===== RECORDS TO USE

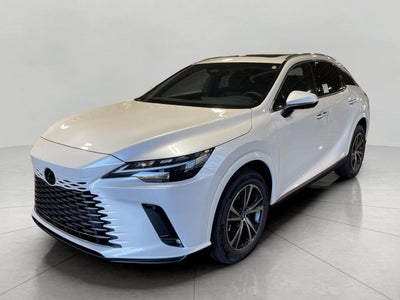 2026 Lexus RX HYBRID RX 350h PREMIUM AWD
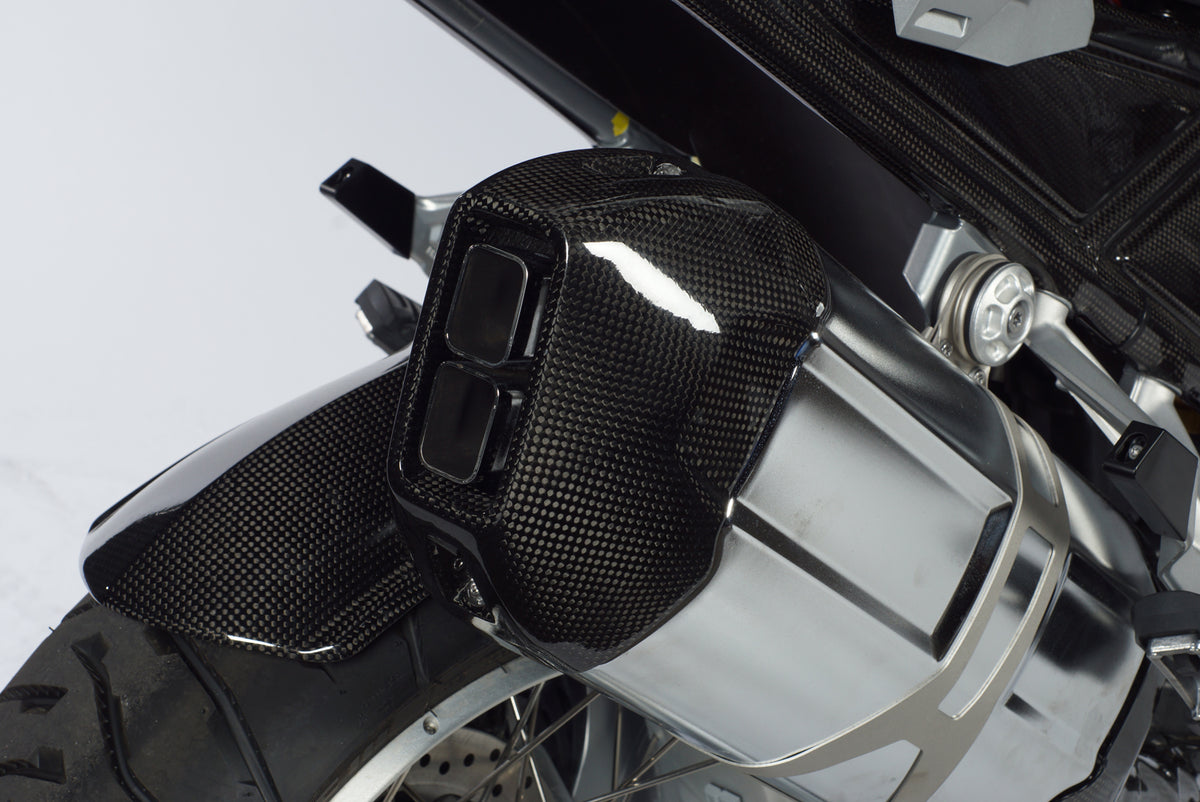 Ilmberger - Exhaust Cap
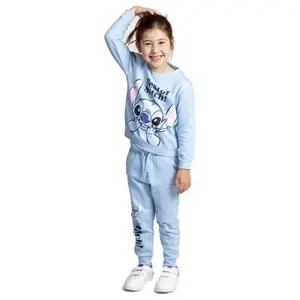 Children's tracksuit set Cerda Disney Stitch image-3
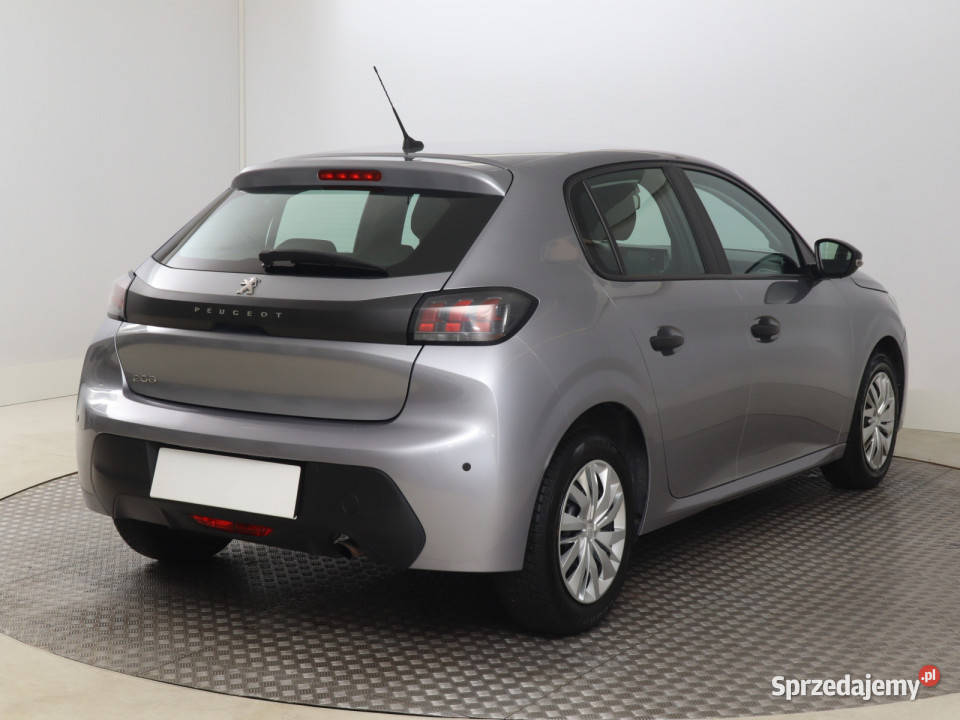 Peugeot 208 12 PureTech Bielany Wrocławskie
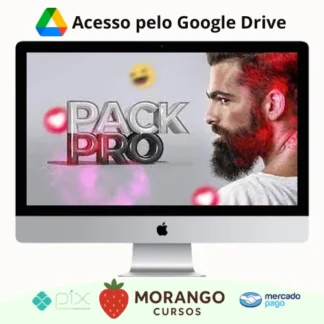 Imagem do rateio do curso Pack Pro - Samuel Leyss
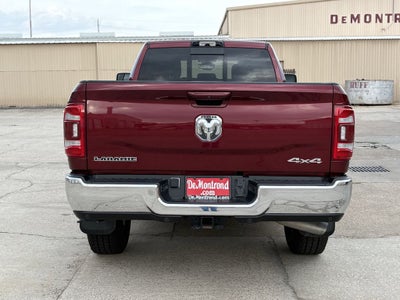 2024 RAM 3500 Laramie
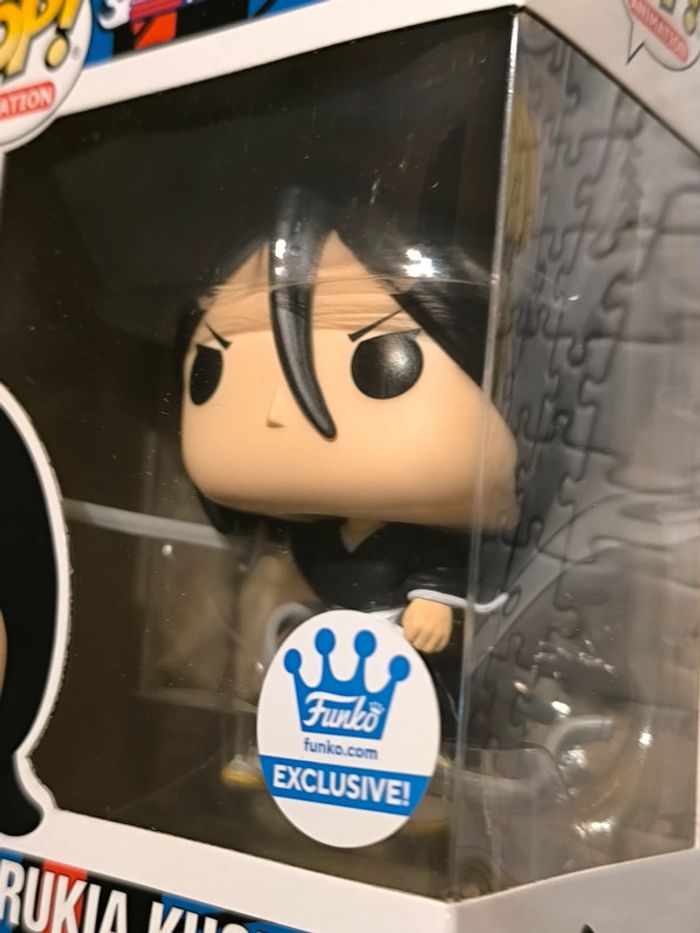 Funko Pop! Bleach Rukia 1617 - photo numéro 8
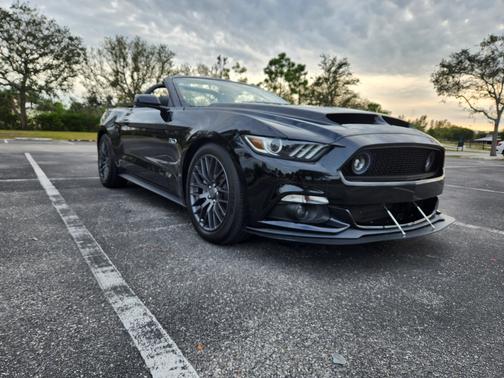 2015 Ford Mustang GT Premium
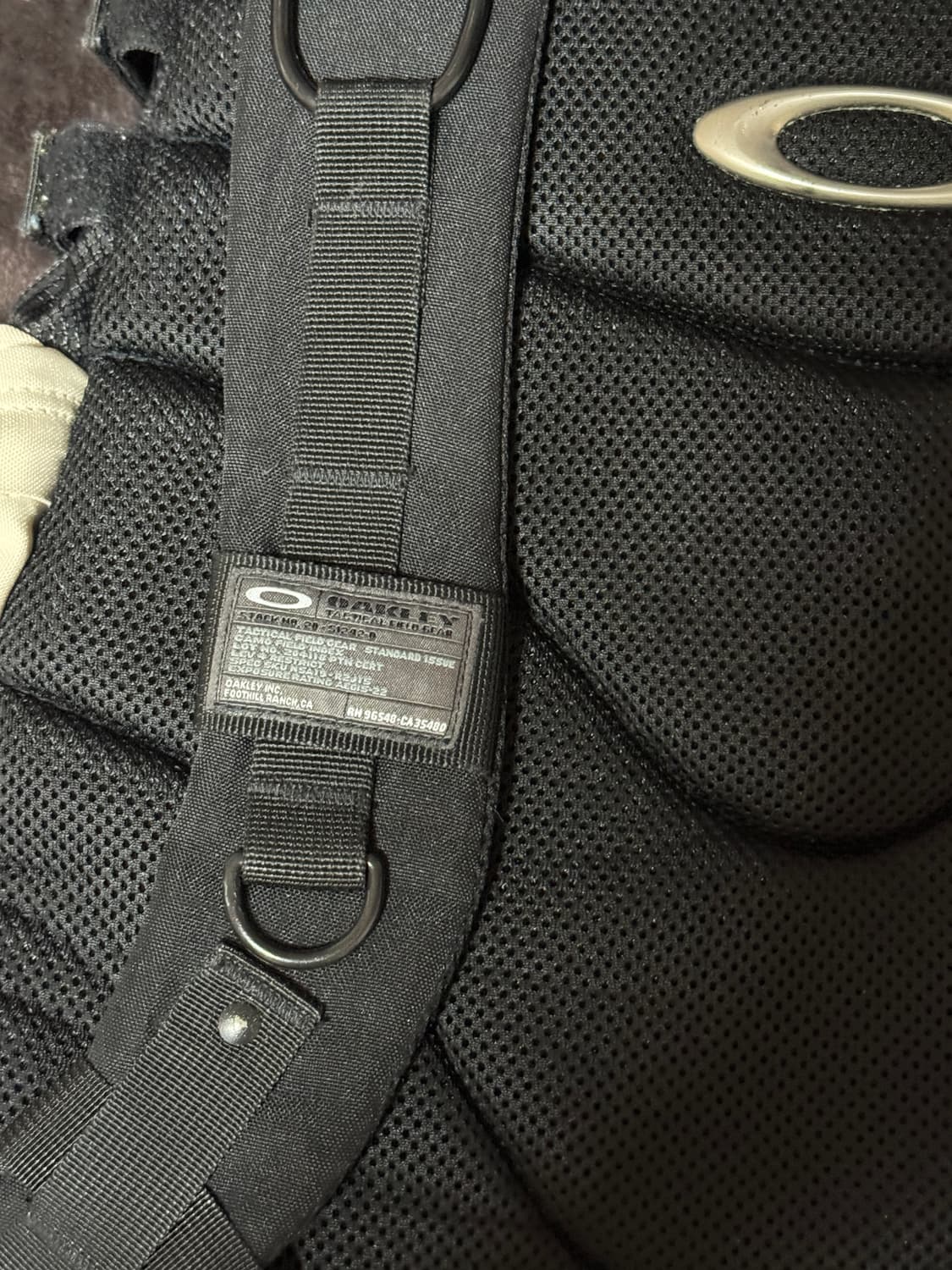 오클리 90s 택티컬 아이콘 백팩 (최상급) 오클리 백팩/W2037 상품이미지3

==========

_ASSIGNED TASK_
Instructions for the copy: start at the first entry, stop after the line containing "Funko Pop! Bleach", keep every line exact, and drop the pictures.

_ANSWER BOX_
 2026 Lexus RX HYBRID RX 350h PREMIUM AWD
 Ilmberger - Exhaust Cap
 Children's tracksuit set Cerda Disney Stitch image-3
 Peugeot 208 12 PureTech Bielany Wrocławskie
 Imagem do rateio do curso Pack Pro - Samuel Leyss
 2024 RAM 3500 Laramie
 Funko Pop! Bleach Rukia 1617 - photo numéro 8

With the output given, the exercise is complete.